Sous les ciels gris et les pluies décourageantes de ce juillet d'automne je songe à la lumière abandonnée. Je l'ai laissée là-bas aux rives maintenant désertes de la Méditerranée et me demande en vain pourquoi je m'en suis séparé. Pourtant je fus l'un des derniers à lui rester fidèle. Tous les autres la quittent vers les premières journées d'avril, rappelés par les légendaires souvenirs des fallacieux printemps du Nord, sans se douter qu'ils perdent un grand bonheur.

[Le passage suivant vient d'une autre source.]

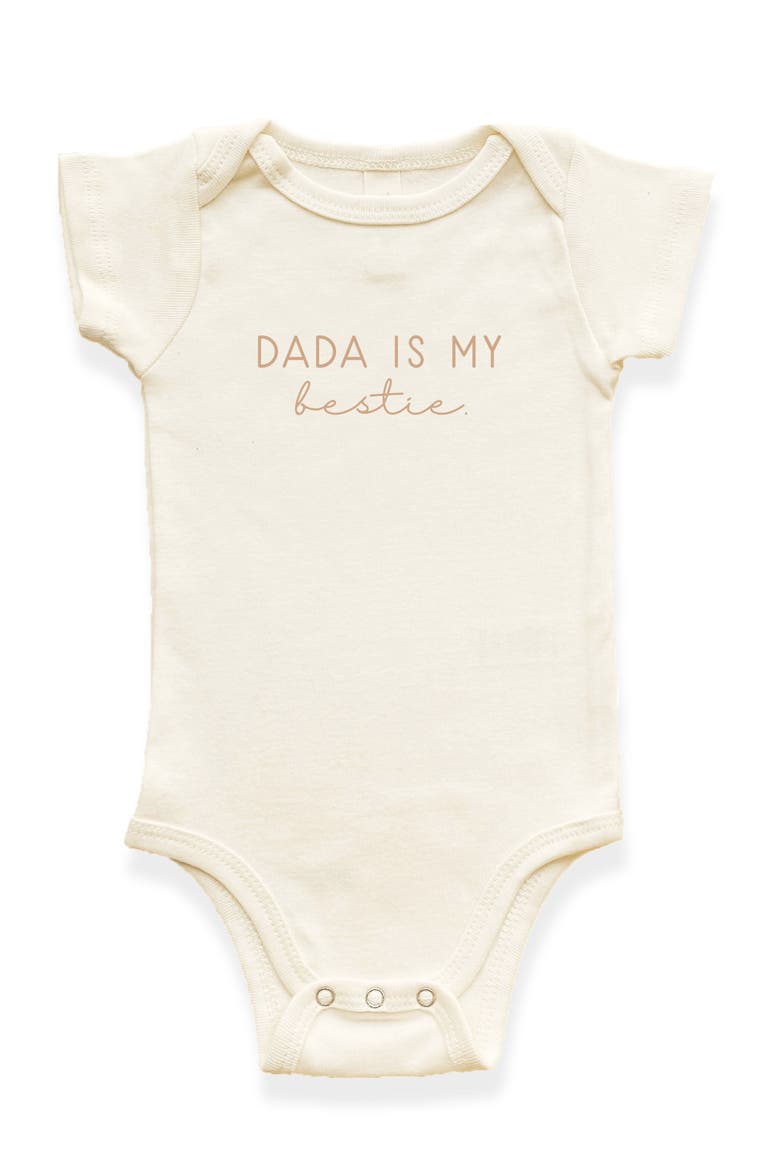 Dada is my Bestie Organic Baby Bodysuit, Main, color, Natural Clay Lettering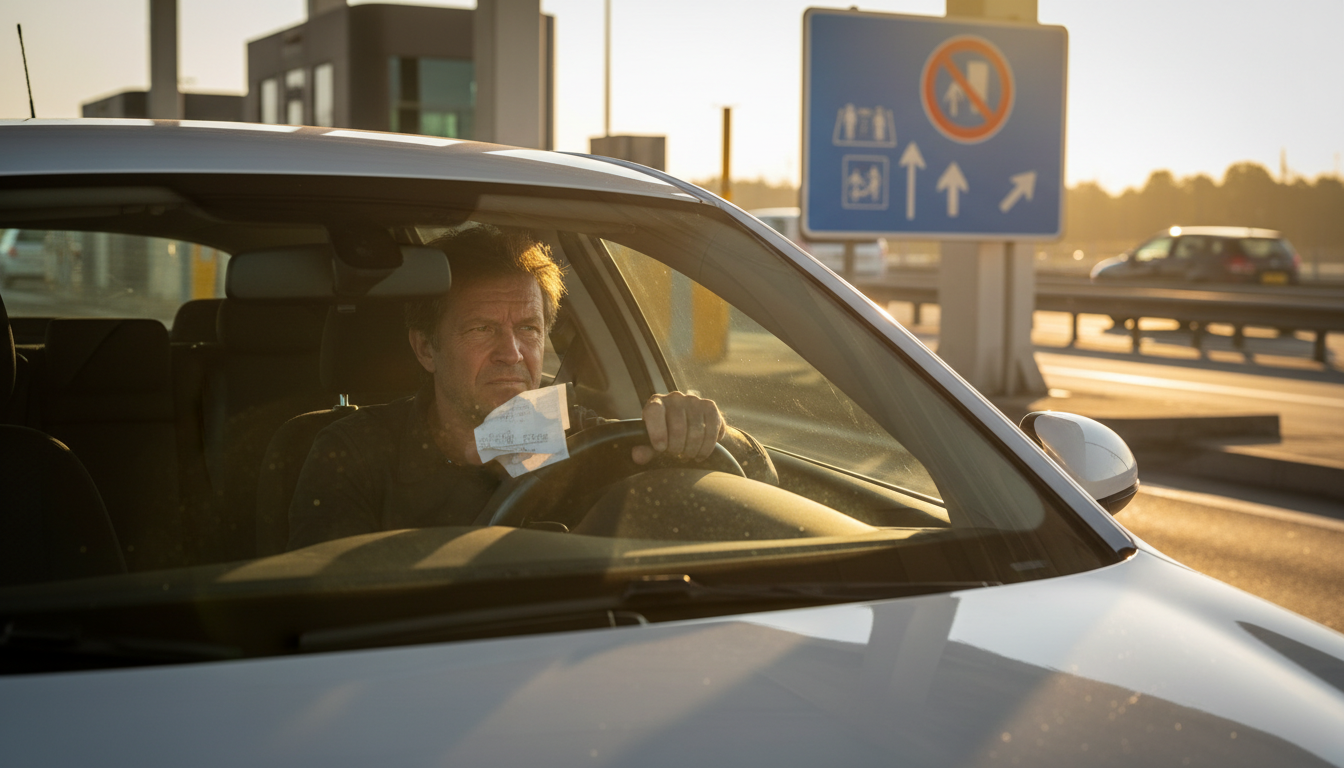 Automobiliste frustré à un péage d'autoroute française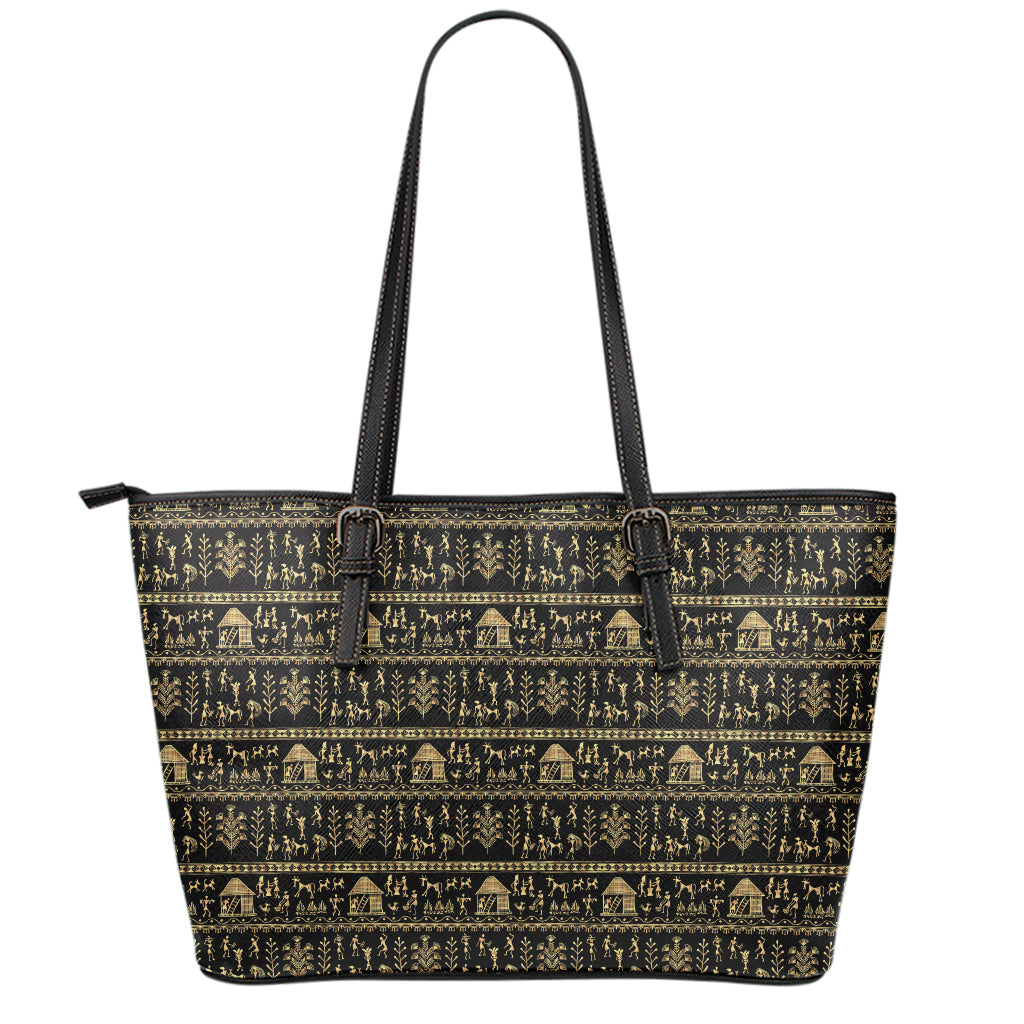 Black And Gold Warli Pattern Print Leather Tote Bag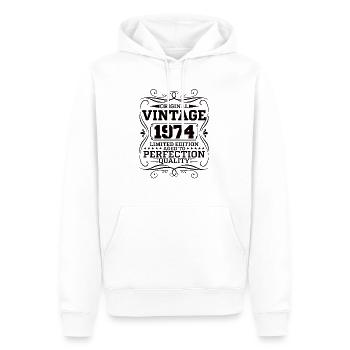 Vintage 1974 Original Limited Edition - Männer Premium Bio Hoodie - Weiß - Vorne - Nico (187cm)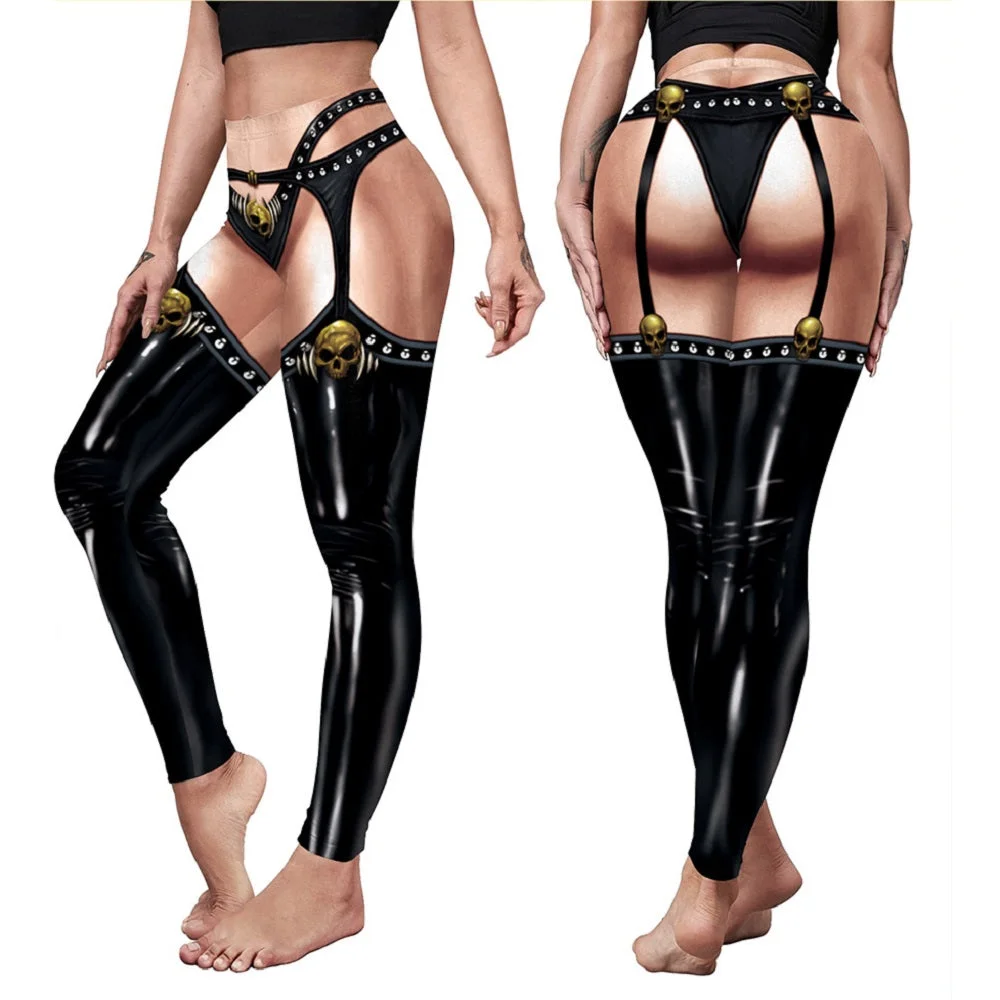 3D Skull Print Sexy Halloween Workout Leggings-elleschic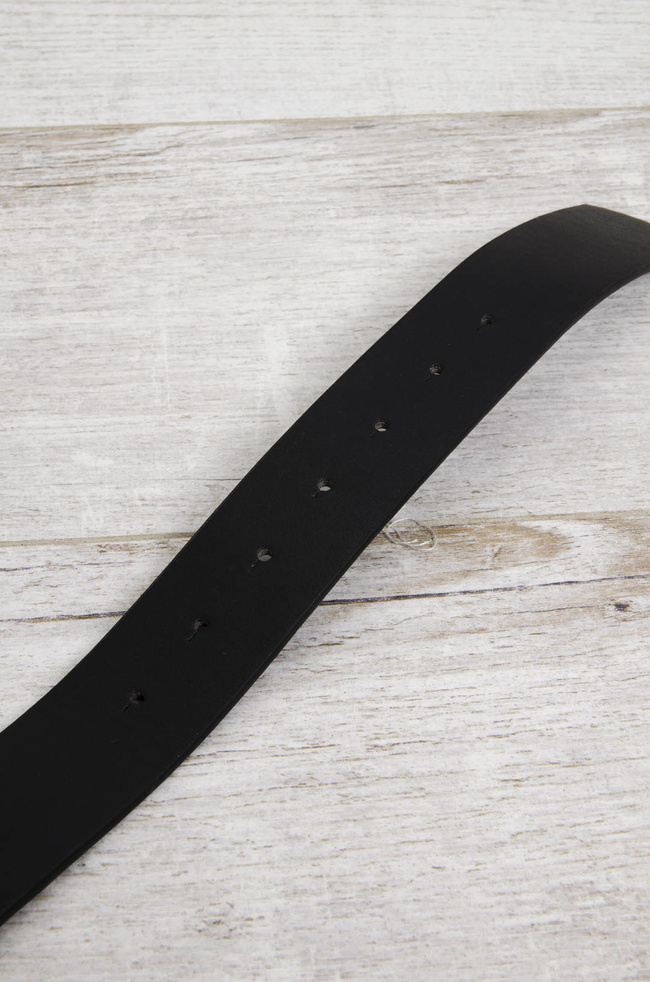 CZARNY SZEROKI PASEK ZE ZŁOTĄ KLMARĄ CG 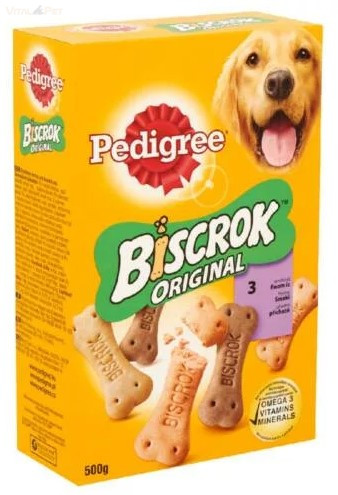 Pedigree Biscrok Multi Mix 500 g jutalomfalat kutyáknak többformájú keksz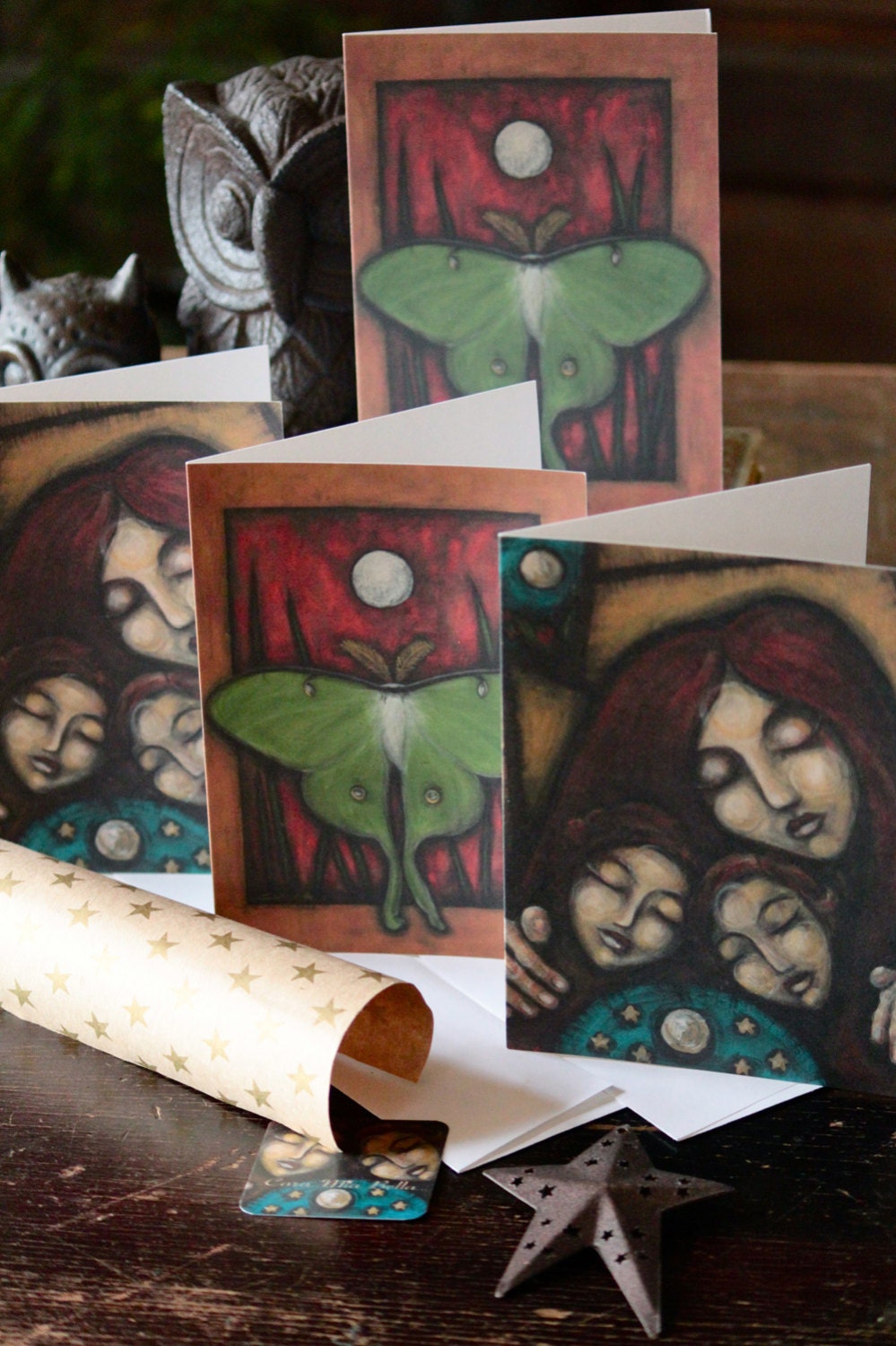 We'Moon Art La Luna Notecard Set of 6 Blank 5 x 7 Mother Moth Butterfly Family Nature Moon Stars Magic Goddess Sacred Feminine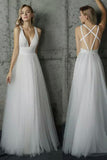 Simply V Neck White Tulle  Long Prom Dress PG444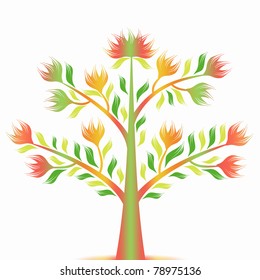 Beautiful art tree isolated on white background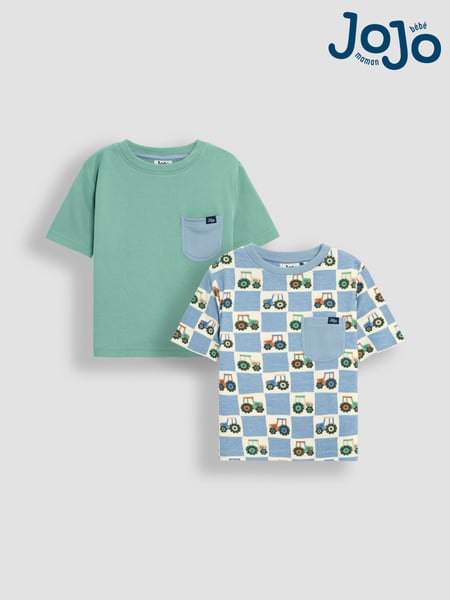 JoJo Maman Bébé Blue Tractor Checkerboard 2-Pack Printed & Plain T-Shirts (AU2252) | € 32 - € 37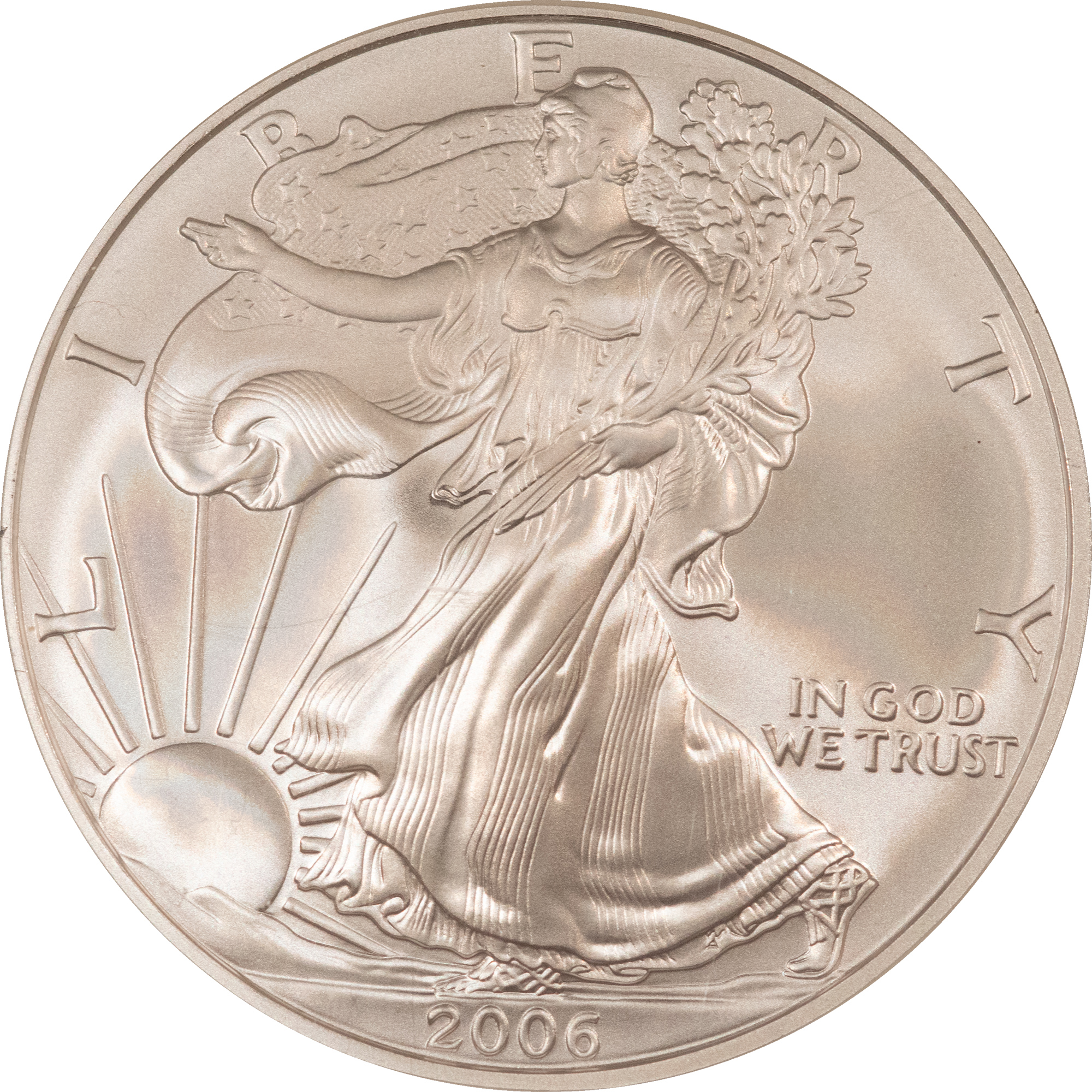 American Silver Eagles 2006-W $1 BURNISHED AMERICAN SILVER EAGLE, 1 OZ .999 – NGC MS-70 American Silver Eagles 2006-W $1 BURNISHED AMERICAN SILVER EAGLE, 1 OZ .999 – NGC MS-70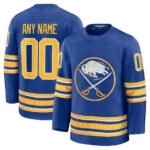 Custom B.Sabres Fanatics Home Premium Jersey - Royal Stitched American Hockey Jerseys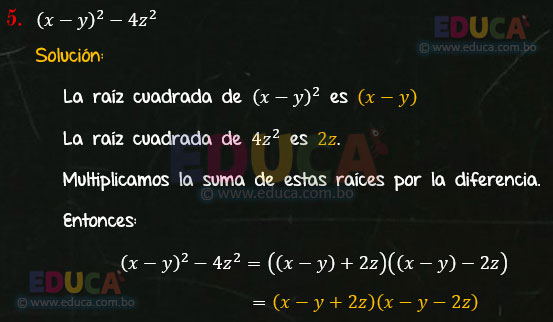 Solución - Ejercicio 94-5 - Descomposición factorial - Algebra de Baldor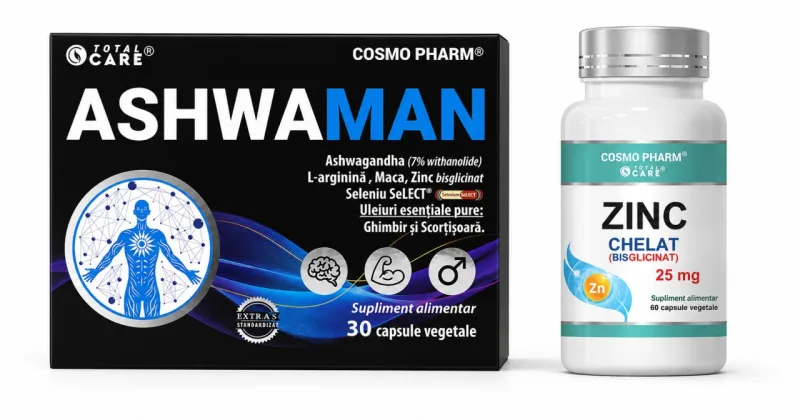 AshwaMan, 30 Capsule Vegetale + Zinc Chelat Bisglicinat, 60 Capsule, Cosmopharm — preț și oferte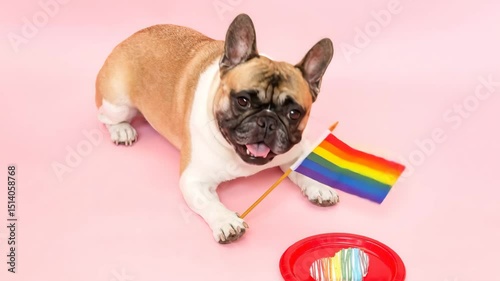 French Bulldog Waving Rainbow Pride Flag on Pink Background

Il est bon, il est sage de fuir parmi l'azur les mois glacés de nos hivers, noirs comme des châtiments; mais ces mois, s'ils sont là-bas plus tièdes, et surtout plus lumineux que les nôtres, ne nous vengent pas assez des ténèbres et des frimas du lieu natal. Les heures les plus claires, les plus chaudes, y garderont malgré tout un arrière-goût de neige et de nuage; elles sont belles mais timides, et promptes et effarées, se hâtent vers la nuit. Or, il faut à l'homme né du soleil, comme toutes choses, sa part héréditaire de chaleur primitive et de clarté totale. Il y a en lui d'innombrables et profondes cellules qui gardent la mémoire des jours éblouissants de l'origine et deviennent malheureuses quand elles ne peuvent faire leur moisson de rayons. L'homme peut vivre dans l'ombre mais y perd à la longue le sourire et la confiance nécessaires. En présence de nos étés crépusculaires, il devient indispensable de rétablir l'équilibre entre l'obscurité et la lumière, et de chasser parfois les froids et les ténèbres qui nous envahissent jusqu'à l'âme par de magnifiques excès de soleil.